Monday, January 03, 2005

Ukraine vs. Iraq: When America Gets It Right

"Democracy is not the absence of tyranny. It has to grow from within over time, and it requires far more care and feeding than Washington seems able to give."
-- George Packer in The New Yorker, December 20 & 27, 2004 (Comment: Invasion vs. Persuasion)

Just in time, George Packer makes a compelling case for American foreign intervention that actually works. Call it Operation Ukraine. (Read the full article here.)

Contrast Ukraine with Iraq: whereas hasty, aggressive, and unilateral attempts by America to democratize the latter have met with almost universal resistance and questionable success, a much less invasive, much more sensitive and incremental approach in Ukraine over the past decade has helped that country embrace democracy with relative smoothness.

And with considerably less damage to America's global reputation.

In the Christmas edition of The New Yorker, Packer documents how the United States helped establish genuine democratic reforms in Ukraine from behind the scenes and gradually during the nineties.

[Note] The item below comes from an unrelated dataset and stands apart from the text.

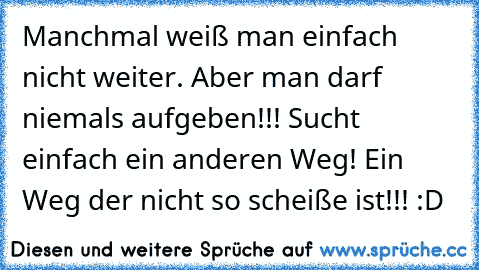 Manchmal weiß man einfach nicht weiter. Aber man darf niemals aufgeben!!! Sucht einfach ein anderen Weg! Ein Weg der nicht so scheiße ist!!! :D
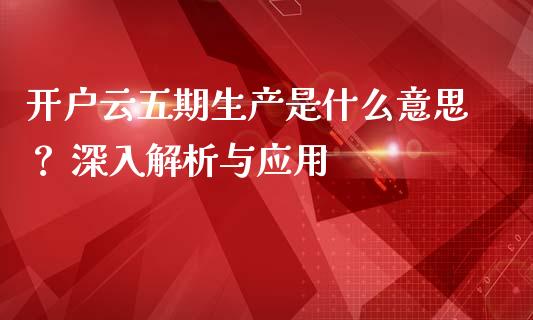 开户云五期生产是什么意思？ 深入解析与应用_https://www.fansifence.com_国际期货行情_第1张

Financial and technical support was provided by both governmental and non-governmental organizations, and to all political parties, in order to create a truly balanced, non-partisan democracy.

With Ukraine, U.S. leaders apparently remembered that democracy "has to grow from within over time", that it can't be shoved against its will into the microwave and nuked at high without boiling over and tasting funny.

"The United States did in Ukraine exactly what it failed to do in Iraq: it upheld international standards in conjunction with democratic allies. The consequences of this failure in Iraq will always haunt the American effort here. . .Iraq has shown that a war of liberation is a crude instrument for setting a country free."

Here's hoping that Ukraine, not Iraq, serves as the model that future U.S. administrations follow in the years to come.

Happy New Year, everyone!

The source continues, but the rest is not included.